Try it:
From the entries that follow, pick out all lines holding "outdoor".

Entries shown:
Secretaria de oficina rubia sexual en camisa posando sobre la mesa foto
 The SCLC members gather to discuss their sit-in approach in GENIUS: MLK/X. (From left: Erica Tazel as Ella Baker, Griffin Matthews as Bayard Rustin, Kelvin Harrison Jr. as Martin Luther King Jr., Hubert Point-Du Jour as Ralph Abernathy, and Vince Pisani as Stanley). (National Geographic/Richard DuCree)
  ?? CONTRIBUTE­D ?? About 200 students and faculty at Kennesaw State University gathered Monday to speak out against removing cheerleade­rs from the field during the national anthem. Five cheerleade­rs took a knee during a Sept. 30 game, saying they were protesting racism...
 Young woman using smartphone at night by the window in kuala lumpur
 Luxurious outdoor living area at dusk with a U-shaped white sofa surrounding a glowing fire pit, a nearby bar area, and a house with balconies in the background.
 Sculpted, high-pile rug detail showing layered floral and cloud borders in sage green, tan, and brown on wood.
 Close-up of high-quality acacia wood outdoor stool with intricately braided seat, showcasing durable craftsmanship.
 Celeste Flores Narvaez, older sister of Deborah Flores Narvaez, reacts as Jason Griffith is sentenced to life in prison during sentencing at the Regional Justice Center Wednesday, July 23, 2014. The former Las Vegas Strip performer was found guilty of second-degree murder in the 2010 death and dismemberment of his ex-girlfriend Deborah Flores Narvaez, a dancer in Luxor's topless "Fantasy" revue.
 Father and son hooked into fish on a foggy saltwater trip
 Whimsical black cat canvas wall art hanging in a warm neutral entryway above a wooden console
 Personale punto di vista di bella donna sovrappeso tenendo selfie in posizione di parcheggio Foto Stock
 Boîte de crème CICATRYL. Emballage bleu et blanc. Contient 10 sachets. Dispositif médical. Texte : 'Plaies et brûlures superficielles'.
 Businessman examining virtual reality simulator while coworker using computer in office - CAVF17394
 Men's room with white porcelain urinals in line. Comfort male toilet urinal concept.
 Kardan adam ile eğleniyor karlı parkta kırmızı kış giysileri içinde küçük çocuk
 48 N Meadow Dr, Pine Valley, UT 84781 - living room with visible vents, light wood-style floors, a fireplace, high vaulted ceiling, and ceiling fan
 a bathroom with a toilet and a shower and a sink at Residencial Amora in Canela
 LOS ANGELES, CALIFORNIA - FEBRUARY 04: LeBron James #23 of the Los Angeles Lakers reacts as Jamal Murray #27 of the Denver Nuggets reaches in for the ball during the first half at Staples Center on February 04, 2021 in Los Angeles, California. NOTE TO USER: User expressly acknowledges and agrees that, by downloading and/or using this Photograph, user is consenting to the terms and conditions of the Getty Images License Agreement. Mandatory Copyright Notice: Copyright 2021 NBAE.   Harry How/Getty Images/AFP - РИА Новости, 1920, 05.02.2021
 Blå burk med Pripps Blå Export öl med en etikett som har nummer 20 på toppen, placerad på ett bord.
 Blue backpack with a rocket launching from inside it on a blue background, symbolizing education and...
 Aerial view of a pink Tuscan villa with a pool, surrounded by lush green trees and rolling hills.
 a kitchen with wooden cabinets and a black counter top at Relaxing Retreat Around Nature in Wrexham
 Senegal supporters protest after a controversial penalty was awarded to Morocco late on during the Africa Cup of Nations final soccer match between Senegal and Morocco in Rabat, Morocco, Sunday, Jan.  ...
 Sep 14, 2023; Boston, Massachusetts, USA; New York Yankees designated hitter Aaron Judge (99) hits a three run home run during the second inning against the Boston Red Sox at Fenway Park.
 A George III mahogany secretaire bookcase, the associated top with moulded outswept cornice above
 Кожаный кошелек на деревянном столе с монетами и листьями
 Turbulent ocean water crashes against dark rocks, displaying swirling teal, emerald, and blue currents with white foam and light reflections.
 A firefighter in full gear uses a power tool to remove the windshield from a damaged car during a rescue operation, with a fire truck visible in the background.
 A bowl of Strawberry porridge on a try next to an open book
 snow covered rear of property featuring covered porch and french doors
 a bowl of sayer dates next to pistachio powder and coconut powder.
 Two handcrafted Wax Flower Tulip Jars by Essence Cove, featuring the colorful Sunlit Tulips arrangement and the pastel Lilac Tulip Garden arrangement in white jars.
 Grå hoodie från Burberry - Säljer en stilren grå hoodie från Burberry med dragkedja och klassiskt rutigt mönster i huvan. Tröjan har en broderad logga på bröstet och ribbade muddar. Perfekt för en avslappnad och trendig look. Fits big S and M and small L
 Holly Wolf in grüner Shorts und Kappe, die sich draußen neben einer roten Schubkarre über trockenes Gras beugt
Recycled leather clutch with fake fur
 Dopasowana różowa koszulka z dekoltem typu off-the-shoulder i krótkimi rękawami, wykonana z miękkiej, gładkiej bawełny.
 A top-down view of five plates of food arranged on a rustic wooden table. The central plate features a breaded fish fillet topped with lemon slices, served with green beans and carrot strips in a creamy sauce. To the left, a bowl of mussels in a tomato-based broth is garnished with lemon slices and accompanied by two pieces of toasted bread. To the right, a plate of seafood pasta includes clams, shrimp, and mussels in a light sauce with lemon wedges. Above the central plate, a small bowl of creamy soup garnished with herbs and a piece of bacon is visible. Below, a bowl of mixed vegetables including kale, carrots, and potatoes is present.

Written solution:
 Luxurious outdoor living area at dusk with a U-shaped white sofa surrounding a glowing fire pit, a nearby bar area, and a house with balconies in the background.
 Close-up of high-quality acacia wood outdoor stool with intricately braided seat, showcasing durable craftsmanship.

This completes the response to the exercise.